Terbovitz v. Fiscal Court of Adair County, Ky.

Decision Date05 August 1987
Docket NumberNo. 86-5814,86-5814
Citation825 F.2d 111
Parties44 Fair Empl.Prac.Cas. 841, 43 Empl. Prac. Dec. P 37,288 Carlyne TERBOVITZ, Plaintiff-Appellee, v. FISCAL COURT OF ADAIR COUNTY, KENTUCKY, Defendant-Appellant.
CourtU.S. Court of Appeals — Sixth Circuit

Frank Hampton Moore, Jr., argued, Cole, Harned and Broderick, Bowling Green, Ky., for defendant-appellant.

Daniel B. Goldberg, Appalachian Research and Defense Fund of Ky., Columbia, Ky., Jennifer B. Coffman, argued, Lexington, Ky., for plaintiff-appellee.

Before JONES and RYAN, Circuit Judges; and CELEBREZZE, Senior Circuit Judge.

CELEBREZZE, Senior Circuit Judge.

Defendant Fiscal Court of Adair County, Kentucky ("Fiscal Court"), the governing body of the county, appeals from the district court's judgment that the Fiscal Court refused to hire plaintiff Carlyne Terbovitz because of her sex in violation of Title VII of the Civil Rights Act of 1964, 42 U.S.C. Sec. 2000e et seq. (1982). The Fiscal Court argues that the district court erred in finding that the CETA representatives were agents of the Fiscal Court, that the Fiscal Court's asserted nondiscriminatory reason for its failure to hire Terbovitz was pretextual, and that the award of back pay should be computed until the date of judgment. Because we conclude that none of the contested factual findings is clearly erroneous, we affirm.

In 1979, the Fiscal Court operated an ambulance service in Adair County.
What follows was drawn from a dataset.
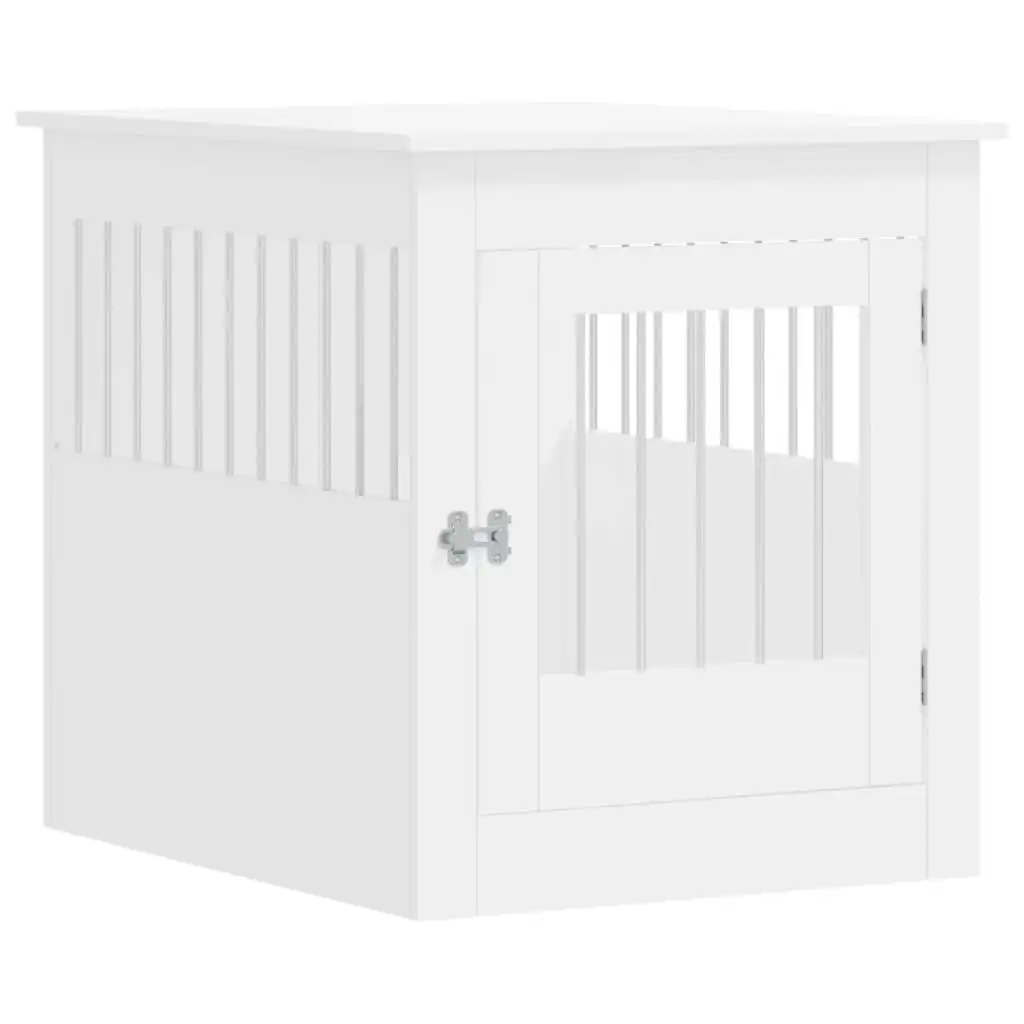 Dog Crate Furniture White 64.5x80x71 cm Engineered Wood 838330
Although it had contracted with the Lake Cumberland Emergency Medical Services System, Inc. ("LCEMSS") to manage the ambulance service, the Fiscal Court retained the authority to hire ambulance service employees. LCEMSS interviewed job applicants to assure minimum qualifications, but then their applications were presented to the Fiscal Court for its final hiring decision. An additional step in the hiring process was required, however, if the open position was to be initially funded under the federal Comprehensive Employment and Training Act ("CETA"): job applicants were first required to be certified as eligible to receive CETA funds. CETA representatives Ralph Snead and his subordinate Pat Long Scott, who were not Adair County employees, were stationed at the Adair County Courthouse to facilitate the certification process. Only applicants certified as CETA eligible by Snead or Scott were interviewed by LCEMSS. The Fiscal Court, however, always had the final say as to which applicant would be hired.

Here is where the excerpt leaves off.